# Image Classification

In [1]:
# Install required Python packages (quiet mode)
!pip install -q torch torchvision scikit-learn

In [2]:
# Import required libraries
import os, zipfile, shutil
import torch
import torch.nn as nn
from torchvision import datasets, transforms, models
from torch.utils.data import DataLoader, Subset
import torch.optim as optim
from sklearn.metrics import classification_report

In [3]:
# Select CPU or GPU device for computations
device = torch.device("cuda" if torch.cuda.is_available() else "cpu")
print(device)

cuda


In [4]:
# Extract the ZIP dataset once and set DATASET_PATH
with zipfile.ZipFile("/content/dataset.zip", 'r') as zip_ref:
    zip_ref.extractall("/content")

DATASET_PATH = "/content/dataset"
print(os.listdir(DATASET_PATH))

['accordion', 'gramophone', 'windsor_chair', 'pyramid', 'pizza', 'sea_horse', 'crocodile', 'camera', 'emu', 'crocodile_head', 'cup', 'bass', 'dollar_bill', 'nautilus', 'hedgehog']


In [5]:
# Split dataset into training (images 0001-0040) and test (remaining) subsets based on filename

def split_by_filename(dataset):
    """
    Split the dataset into training and test subsets based on the filenames of the images.
    The images with filenames ranging from 'image_0001.jpg' to 'image_0040.jpg' are considered
    as training images, while the rest are considered as test images.

    Args:
        dataset (torchvision.datasets.ImageFolder): The dataset to be split.

    Returns:
        tuple: A tuple containing two Subset objects. The first Subset contains the training images,
        and the second Subset contains the test images.
    """
    train_idx, test_idx = [], []
    # Iterate over each image in the dataset
    for idx, (path, _) in enumerate(dataset.samples):
        # Extract the filename from the path
        fname = os.path.basename(path)
        # Extract the numeric part from the filename
        # For example, 'image_0001.jpg' → 1
        num = int(os.path.splitext(fname)[0].replace('image_', ''))
        # Check if the numeric part is between 1 and 40 (inclusive)
        if 1 <= num <= 40:
            # If it is, add the index to the training indices list
            train_idx.append(idx)
        else:
            # If it is not, add the index to the test indices list
            test_idx.append(idx)
    # Return the training and test subsets of the dataset
    return Subset(dataset, train_idx), Subset(dataset, test_idx)

In [6]:
# Resize all images to 224x224
# Apply random horizontal flip to some images during training
# Convert PIL Image to tensor
# Normalize the tensor image using mean and standard deviation of ImageNet images
train_tfms = transforms.Compose([
    transforms.Resize((224,224)),
    transforms.RandomHorizontalFlip(),
    transforms.ToTensor(),
    transforms.Normalize([0.485,0.456,0.406],[0.229,0.224,0.225])
])

# Resize all images to 224x224
# Convert PIL Image to tensor
# Normalize the tensor image using mean and standard deviation of ImageNet images
test_tfms = transforms.Compose([
    transforms.Resize((224,224)),
    transforms.ToTensor(),
    transforms.Normalize([0.485,0.456,0.406],[0.229,0.224,0.225])
])

# Load the dataset from the specified path
# Apply the specified transforms to the images
full_dataset = datasets.ImageFolder(DATASET_PATH, transform=train_tfms)

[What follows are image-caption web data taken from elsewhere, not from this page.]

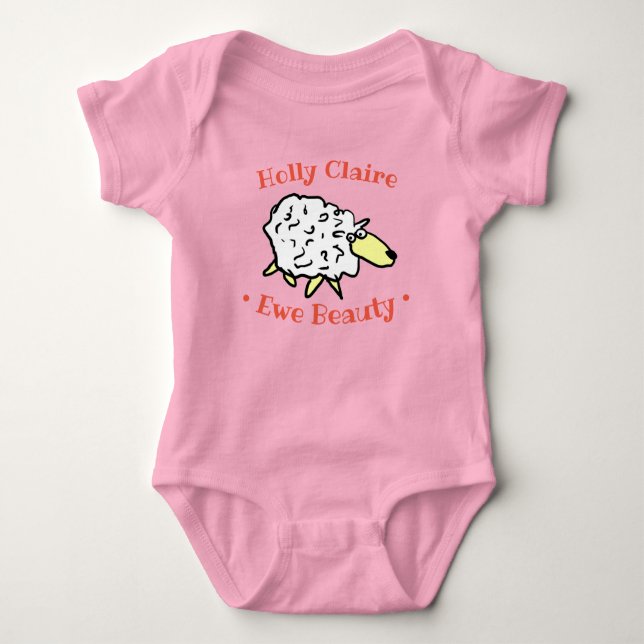Fun Sheep Motif on a Newborn Baby Bodysuit (Front)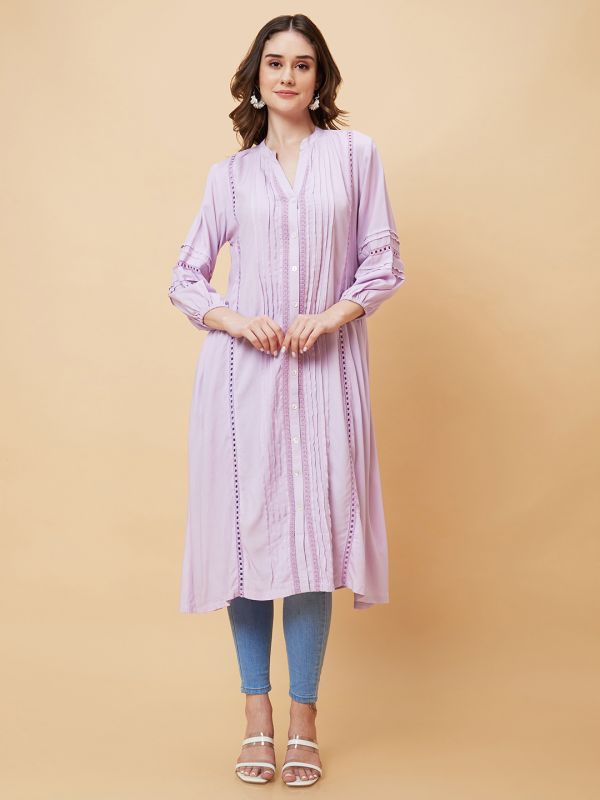 Globus Women Lavender Solid Bishop Sleeves A-Line Fusion Kurta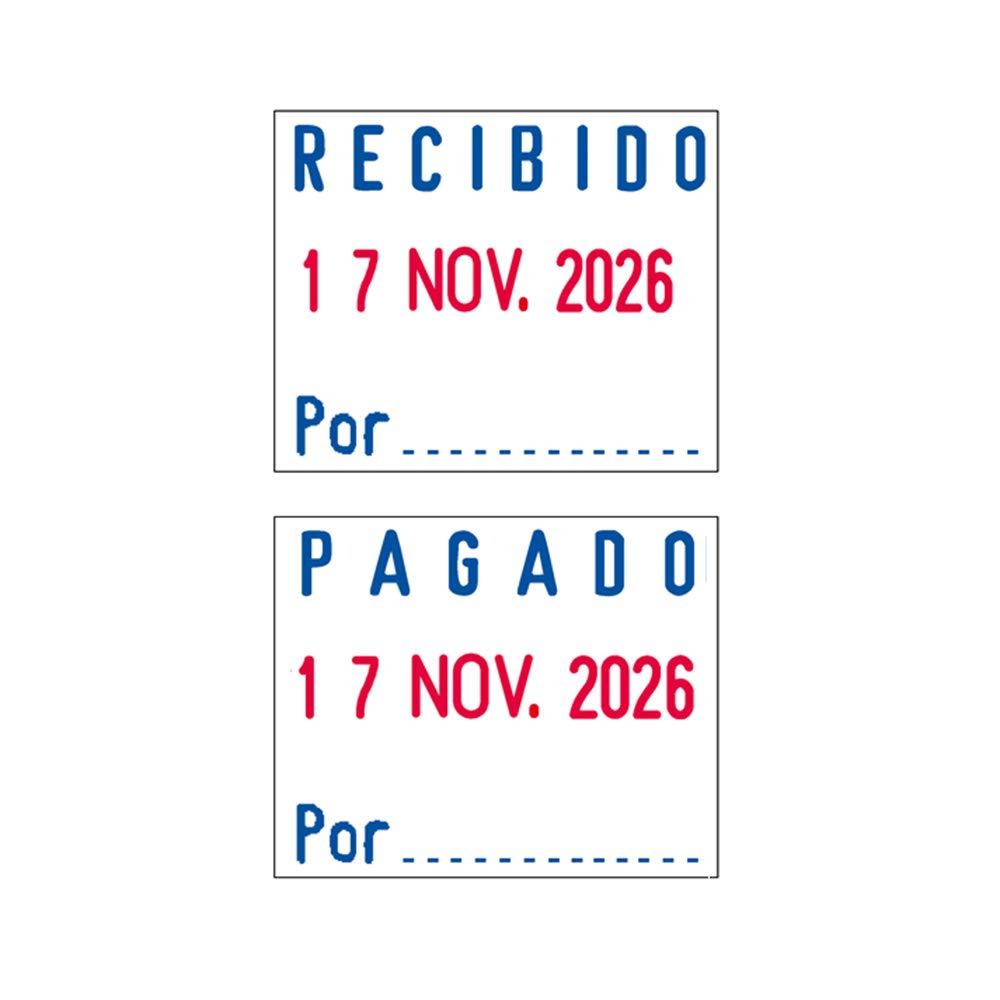 Timbro dat Professional 5430/L con inchiostro automatico, 2 testi commerciali intercambiabili ricevuti – pagato, bicolore blu/rosso e dimensioni ca. 41 x 24 mm.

# Split the dataset into train and test sets
train_set, test_set = split_by_filename(full_dataset)

# Apply the test transforms to the test set
test_set.dataset.transform = test_tfms

# Create data loaders for the train and test sets
# Load images in batches of size 32
train_loader = DataLoader(train_set, batch_size=32, shuffle=True)
test_loader = DataLoader(test_set, batch_size=32, shuffle=False)

# Number of classes in the dataset
num_classes = 15

# Names of the classes in the dataset
class_names = full_dataset.classes

In [7]:
# Utility functions: training loop and evaluation (accuracy & classification report)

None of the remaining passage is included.